Source data
--*--
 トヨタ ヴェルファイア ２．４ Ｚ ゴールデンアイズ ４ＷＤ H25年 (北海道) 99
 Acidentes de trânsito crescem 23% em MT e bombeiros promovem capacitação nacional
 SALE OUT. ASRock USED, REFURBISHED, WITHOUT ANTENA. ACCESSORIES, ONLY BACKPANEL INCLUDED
--*--
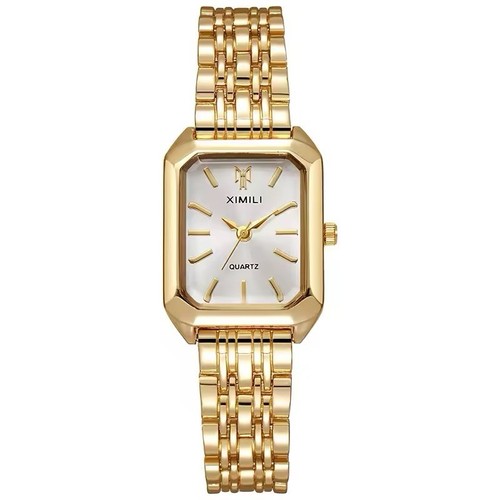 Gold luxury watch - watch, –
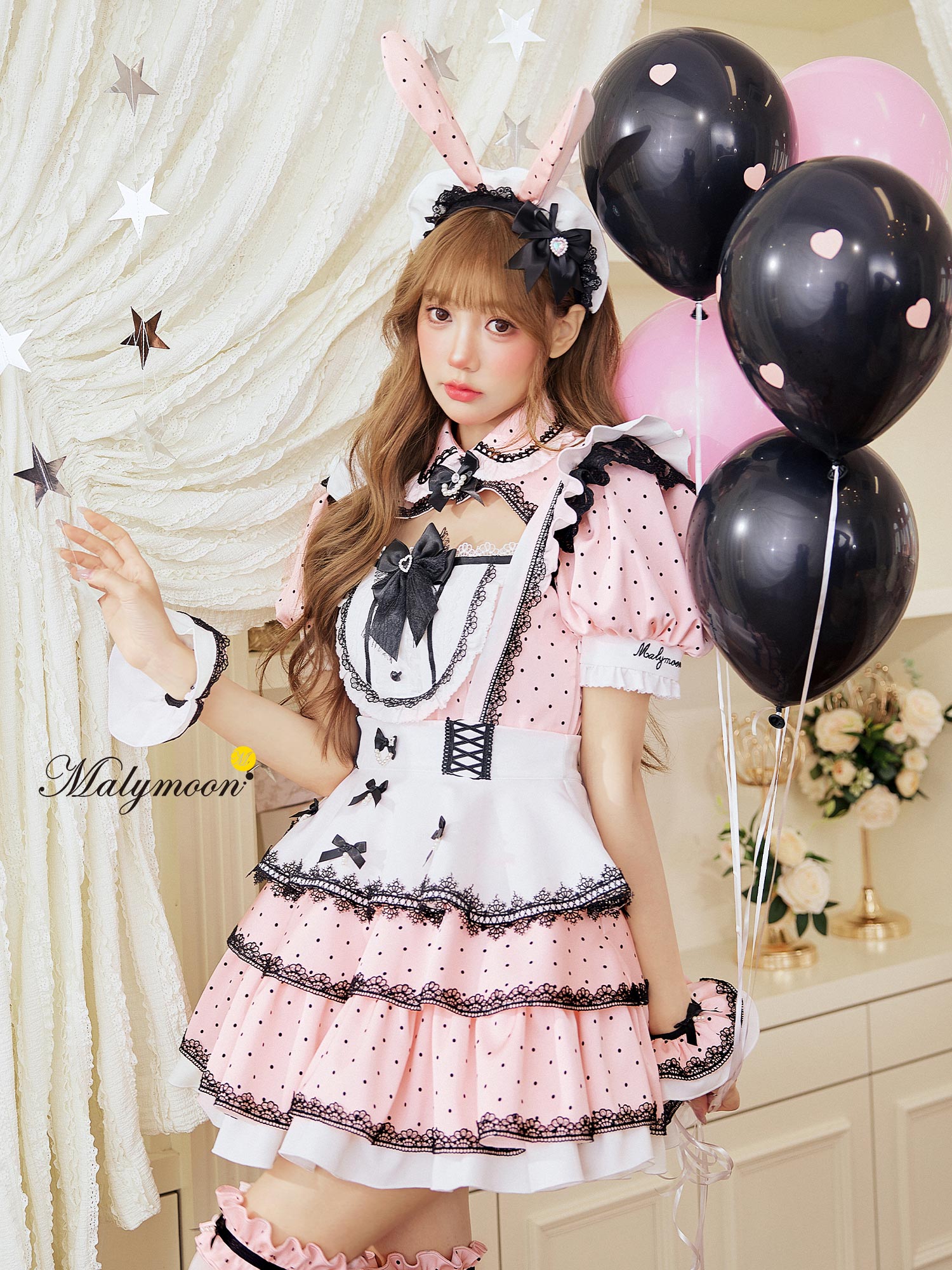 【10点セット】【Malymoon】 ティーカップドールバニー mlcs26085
--*--
Work instructions
Could you reproduce, exactly, every line above from the line with "トヨタ ヴェルファイア ２．４ Ｚ ゴールデンアイズ ４ＷＤ H25年 (北海道) 99" to the line with "SALE OUT. ASRock", and no other line? Both ends count.

Answer section
 トヨタ ヴェルファイア ２．４ Ｚ ゴールデンアイズ ４ＷＤ H25年 (北海道) 99
 Acidentes de trânsito crescem 23% em MT e bombeiros promovem capacitação nacional
 SALE OUT. ASRock USED, REFURBISHED, WITHOUT ANTENA. ACCESSORIES, ONLY BACKPANEL INCLUDED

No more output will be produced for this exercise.